### Task objective
Every line from the line containing "Abdulrahman Basleem" through the final line below is to be repeated exactly; no other line is.

### Data shown
----

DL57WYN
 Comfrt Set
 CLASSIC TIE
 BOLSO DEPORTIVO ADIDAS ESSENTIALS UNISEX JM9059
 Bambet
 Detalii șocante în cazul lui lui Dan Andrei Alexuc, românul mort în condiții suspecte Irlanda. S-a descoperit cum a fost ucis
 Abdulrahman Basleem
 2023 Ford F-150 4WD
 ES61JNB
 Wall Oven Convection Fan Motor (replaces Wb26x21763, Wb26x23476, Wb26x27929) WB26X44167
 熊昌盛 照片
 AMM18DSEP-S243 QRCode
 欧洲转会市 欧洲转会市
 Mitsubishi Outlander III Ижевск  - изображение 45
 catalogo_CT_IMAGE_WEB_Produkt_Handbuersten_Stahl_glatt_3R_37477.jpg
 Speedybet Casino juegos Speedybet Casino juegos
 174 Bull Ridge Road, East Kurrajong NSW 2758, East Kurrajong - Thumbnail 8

----

### Reply to the exercise
 Abdulrahman Basleem
 2023 Ford F-150 4WD
 ES61JNB
 Wall Oven Convection Fan Motor (replaces Wb26x21763, Wb26x23476, Wb26x27929) WB26X44167
 熊昌盛 照片
 AMM18DSEP-S243 QRCode
 欧洲转会市 欧洲转会市
 Mitsubishi Outlander III Ижевск  - изображение 45
 catalogo_CT_IMAGE_WEB_Produkt_Handbuersten_Stahl_glatt_3R_37477.jpg
 Speedybet Casino juegos Speedybet Casino juegos
 174 Bull Ridge Road, East Kurrajong NSW 2758, East Kurrajong - Thumbnail 8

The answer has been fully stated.